> Exercise requirements
Using the listing below, reproduce exactly the lines from the one with "ROBERT GRAHAM Signature" through the last, with all pictures left out.
*** Block opens ***
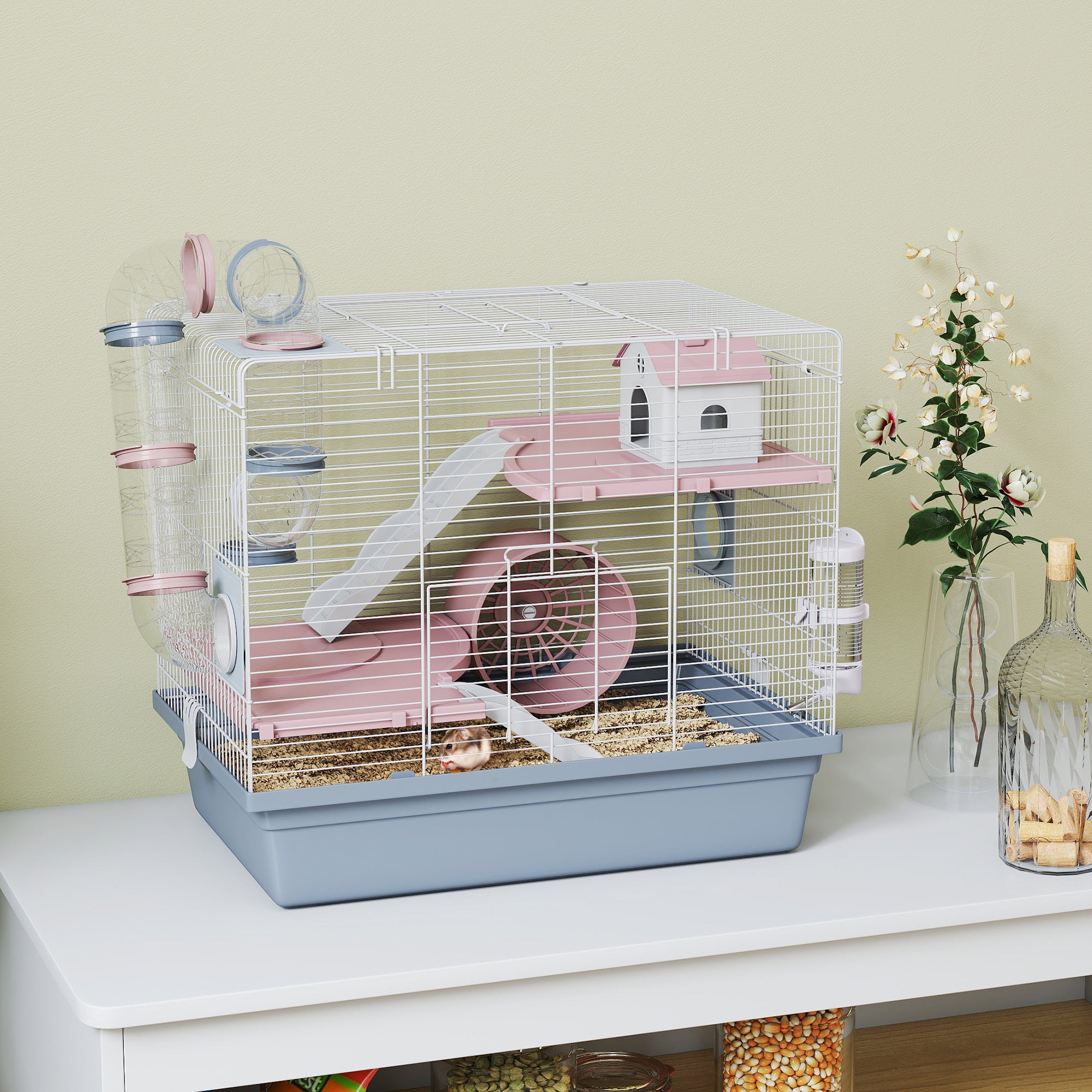 Hamster Cage, 3-Tier Small Animal Cage with Exercise Wheel, Food Bowl, Water Bottle, House, Tunnels, Ramps - Blue - Image 2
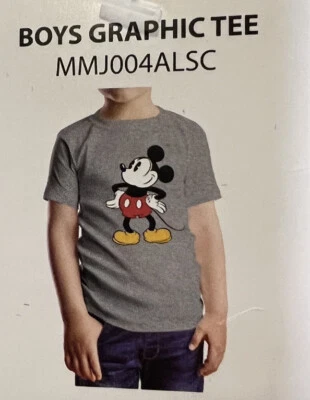 Mickey Mouse Boy's Gray T-shirt Size 8 Short Sleeves Disney NWT - Image 1 of 4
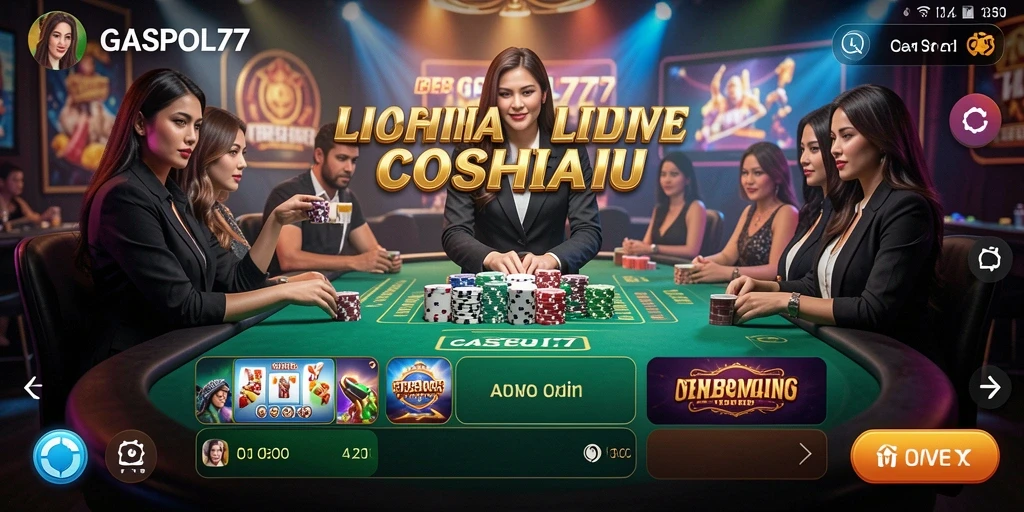 Screenshot GASPOL77 menampilkan dealer live yang ramah dan gameplay yang mendebarkan.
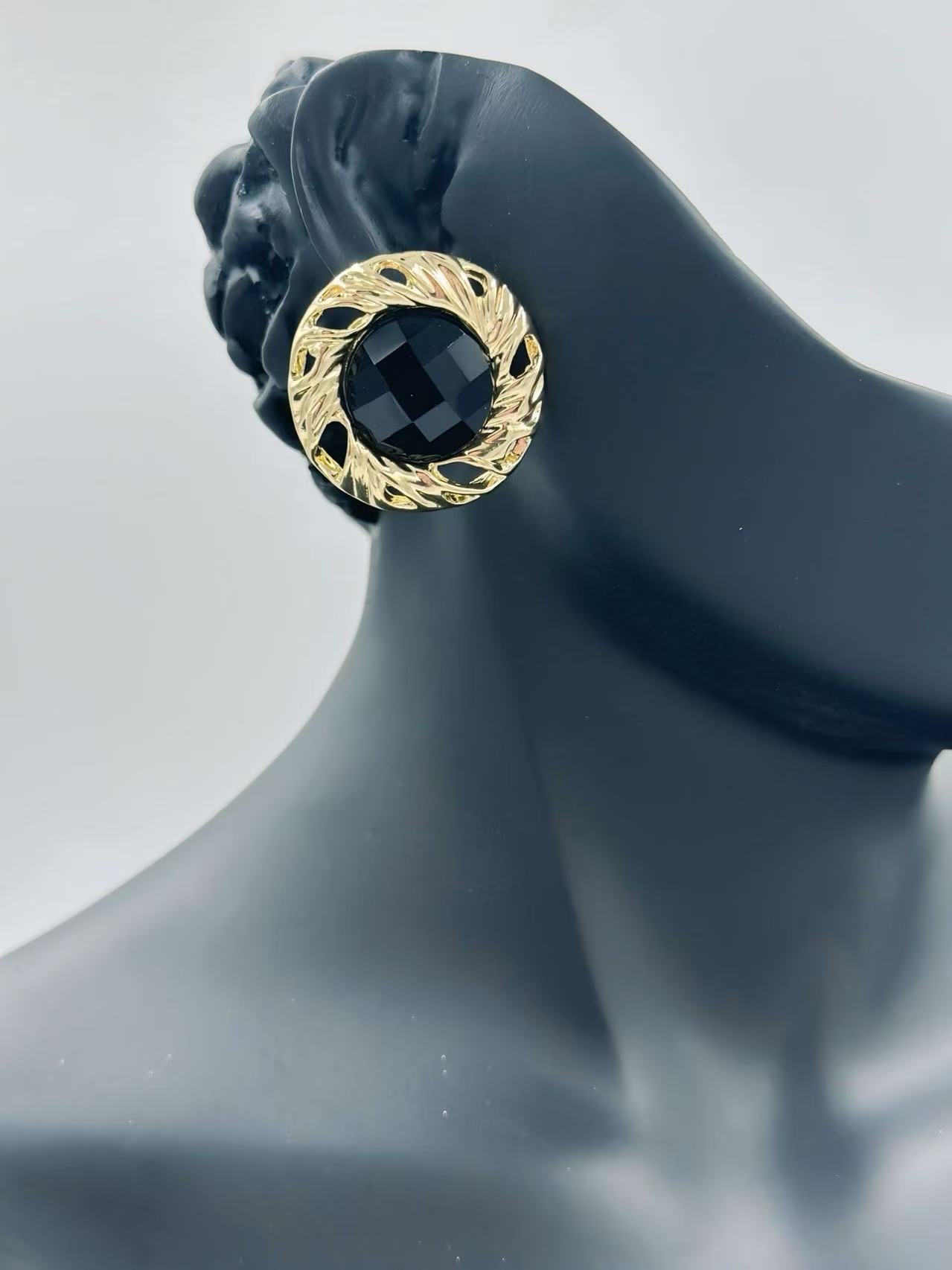 Vintage Faceted Button Earrings with Gold Rope Frame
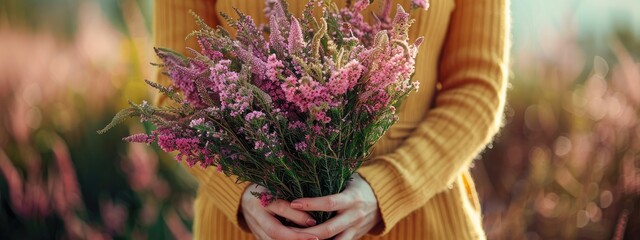 Wall Mural - close-up of a woman holding heather flowers in her hands. Selective focus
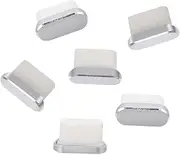 BIUDECO 6pcs Type C Dust Plugs Stylish Silver Charging Port Protectors Durable and Effortless Fit for USB C Devices Prevent Fluff and Debris from Entering Ports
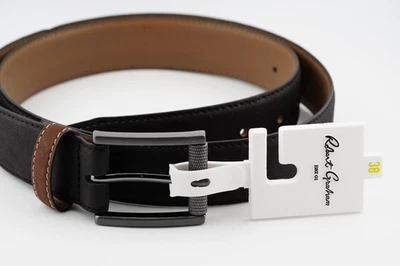 ROBERT GRAHAM Signature Ripaso Rich Black Leather Belt SZ 38 NWT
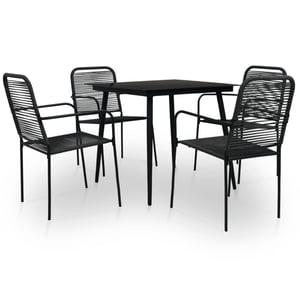 

vidaXL 5 Piece Garden Dining Set Cotton Rope and Steel Black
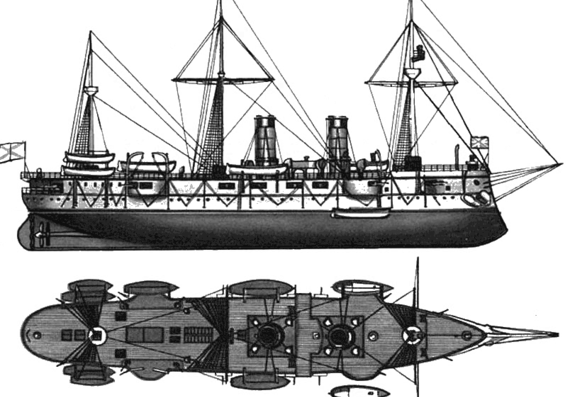 Боевой корабль Россия Vladimir Monomakh (Battleship) (1905) - чертежи, габариты, рисунки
*** Block closes ***
> Written response
 ROBERT GRAHAM Signature Ripaso Rich Black Leather Belt SZ 38 NWT

vidaXL 5 Piece Garden Dining Set Cotton Rope and Steel Black
 Боевой корабль Россия Vladimir Monomakh (Battleship) (1905) - чертежи, габариты, рисунки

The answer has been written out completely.